I had it when i started fallowing for my reno, its called mycelium and its from things being to wet. I think it is a fungus but i cut back on the water and it went away on its own. You might want to cut back on the water and if it doesn't go away in 2 or 3 days you can hit it with the azoxy like g- man said. Its more noticeable in the early morning dew.


----------



## Turfguy93 (Aug 30, 2017)

It looks like damping off to me


----------



## Mozart (Jul 17, 2018)

Turfguy93 said:


> It looks like damping off to me


Thanks @Turfguy93! I think so too. In retrospect I was watering too much. I'm on day 17 - do you think once daily is enough?
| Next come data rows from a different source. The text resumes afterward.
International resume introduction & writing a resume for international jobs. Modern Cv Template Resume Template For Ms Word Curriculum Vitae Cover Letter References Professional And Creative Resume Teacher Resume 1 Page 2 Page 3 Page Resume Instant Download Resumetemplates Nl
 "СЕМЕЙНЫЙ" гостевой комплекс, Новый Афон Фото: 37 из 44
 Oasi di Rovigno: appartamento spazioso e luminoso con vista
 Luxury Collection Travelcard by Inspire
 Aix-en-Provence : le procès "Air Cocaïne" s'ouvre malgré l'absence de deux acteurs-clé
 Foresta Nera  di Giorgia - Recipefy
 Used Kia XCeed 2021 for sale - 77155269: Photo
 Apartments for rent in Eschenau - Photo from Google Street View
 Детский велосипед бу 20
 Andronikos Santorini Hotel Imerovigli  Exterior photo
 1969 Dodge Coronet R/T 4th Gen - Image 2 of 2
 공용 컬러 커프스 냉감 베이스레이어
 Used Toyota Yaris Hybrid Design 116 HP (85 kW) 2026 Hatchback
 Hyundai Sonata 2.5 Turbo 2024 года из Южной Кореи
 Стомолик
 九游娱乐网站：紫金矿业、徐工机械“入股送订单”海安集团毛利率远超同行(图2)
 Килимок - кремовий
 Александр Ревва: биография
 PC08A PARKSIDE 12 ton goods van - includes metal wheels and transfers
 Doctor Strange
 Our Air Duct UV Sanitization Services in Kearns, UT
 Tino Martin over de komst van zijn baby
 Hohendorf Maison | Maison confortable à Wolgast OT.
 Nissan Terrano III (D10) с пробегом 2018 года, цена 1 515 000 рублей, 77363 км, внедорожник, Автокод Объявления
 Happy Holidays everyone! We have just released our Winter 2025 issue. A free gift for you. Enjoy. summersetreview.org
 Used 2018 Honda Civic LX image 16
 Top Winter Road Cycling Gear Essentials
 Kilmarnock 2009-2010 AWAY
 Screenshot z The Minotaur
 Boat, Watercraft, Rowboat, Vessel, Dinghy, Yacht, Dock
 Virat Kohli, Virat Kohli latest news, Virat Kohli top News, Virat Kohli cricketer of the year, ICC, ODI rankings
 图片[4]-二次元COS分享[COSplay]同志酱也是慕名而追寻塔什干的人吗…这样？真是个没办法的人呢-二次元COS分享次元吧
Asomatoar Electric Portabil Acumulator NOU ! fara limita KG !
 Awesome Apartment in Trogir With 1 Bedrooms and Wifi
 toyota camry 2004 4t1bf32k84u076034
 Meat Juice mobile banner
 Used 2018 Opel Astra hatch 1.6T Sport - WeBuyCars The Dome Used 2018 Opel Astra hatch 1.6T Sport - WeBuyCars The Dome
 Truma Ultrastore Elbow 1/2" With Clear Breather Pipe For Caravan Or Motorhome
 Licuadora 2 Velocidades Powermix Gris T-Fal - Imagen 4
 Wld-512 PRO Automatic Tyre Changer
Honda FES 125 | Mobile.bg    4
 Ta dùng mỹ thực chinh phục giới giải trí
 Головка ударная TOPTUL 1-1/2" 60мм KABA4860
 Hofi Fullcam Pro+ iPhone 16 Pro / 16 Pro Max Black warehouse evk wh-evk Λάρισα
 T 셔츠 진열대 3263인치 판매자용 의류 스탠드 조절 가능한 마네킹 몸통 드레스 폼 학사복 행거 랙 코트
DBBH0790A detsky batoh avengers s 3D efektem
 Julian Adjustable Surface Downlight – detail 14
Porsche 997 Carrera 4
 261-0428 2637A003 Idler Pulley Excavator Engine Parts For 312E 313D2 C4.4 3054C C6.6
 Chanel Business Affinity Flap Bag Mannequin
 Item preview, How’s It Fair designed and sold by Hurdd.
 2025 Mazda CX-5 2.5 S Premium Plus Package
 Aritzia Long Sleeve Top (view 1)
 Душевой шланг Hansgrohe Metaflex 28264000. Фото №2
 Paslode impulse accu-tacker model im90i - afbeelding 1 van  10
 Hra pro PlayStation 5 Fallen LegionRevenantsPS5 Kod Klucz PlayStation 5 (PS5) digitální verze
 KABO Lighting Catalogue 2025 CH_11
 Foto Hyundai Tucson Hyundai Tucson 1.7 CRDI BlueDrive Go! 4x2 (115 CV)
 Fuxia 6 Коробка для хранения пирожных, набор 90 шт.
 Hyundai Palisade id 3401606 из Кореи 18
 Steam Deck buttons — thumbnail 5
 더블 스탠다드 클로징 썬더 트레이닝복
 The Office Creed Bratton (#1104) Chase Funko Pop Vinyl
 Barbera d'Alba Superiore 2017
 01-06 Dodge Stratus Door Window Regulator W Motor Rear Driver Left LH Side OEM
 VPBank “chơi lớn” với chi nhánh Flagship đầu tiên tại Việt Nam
Would you advise treating or just backing off on irrigation and letting it resolve by itself? Also, what treatment options are there? Anything besides Fluoxastrobin (Fame)?


----------



## JDgreen18 (Jun 14, 2018)

@Mozart I had this same exact thing its gone now. I cut back the water and water earlier in the day so it dries before sundown. I also was using my hand held leaf blower to blow the water off the grass blades after I watered and the morning dew. (Only in the areas with the fungus)My reno is at 30 days so today I cut my lawn at 1.5 inches and bagged all clippings. It seems to be gone now a d the humid weather is going to break after tomorrow for me so relief is in sight.


----------



## Turfguy93 (Aug 30, 2017)

Mozart said:


> Turfguy93 said:
> 
> 
> > It looks like damping off to me
> ...


If humidity stays high, dew point stays in the 70's and night time lows above 68 you'll have to treat or it will spread in the dew. Any of the Pythium fungicides will work and QOI fungicides(fluxostrobin and azoxystrobin) will be somewhat effective. We are supposed to cool off though so you should be good


----------



## Turfguy93 (Aug 30, 2017)

Turfguy93 said:


> Mozart said:
> 
> 
> > Turfguy93 said:
> ...


And did you seed kbg? If you did I would keep it wet until day 21 and then slowly cut it back. This years been weird. Late July was perfect for seeding and then late August is brutal


----------



## Mozart (Jul 17, 2018)

JDgreen18 said:


> @Mozart I had this same exact thing its gone now. I cut back the water and water earlier in the day so it dries before sundown. I also was using my hand held leaf blower to blow the water off the grass blades after I watered and the morning dew. (Only in the areas with the fungus)My reno is at 30 days so today I cut my lawn at 1.5 inches and bagged all clippings. It seems to be gone now a d the humid weather is going to break after tomorrow for me so relief is in sight.


Thanks @JDGreen18

Now that you mention it I think I remember reading through a thread where a leaf blower was used for a similar situation - might have been you. Good idea. I read through your Reno and will also monitor the situation and cut back on watering for now.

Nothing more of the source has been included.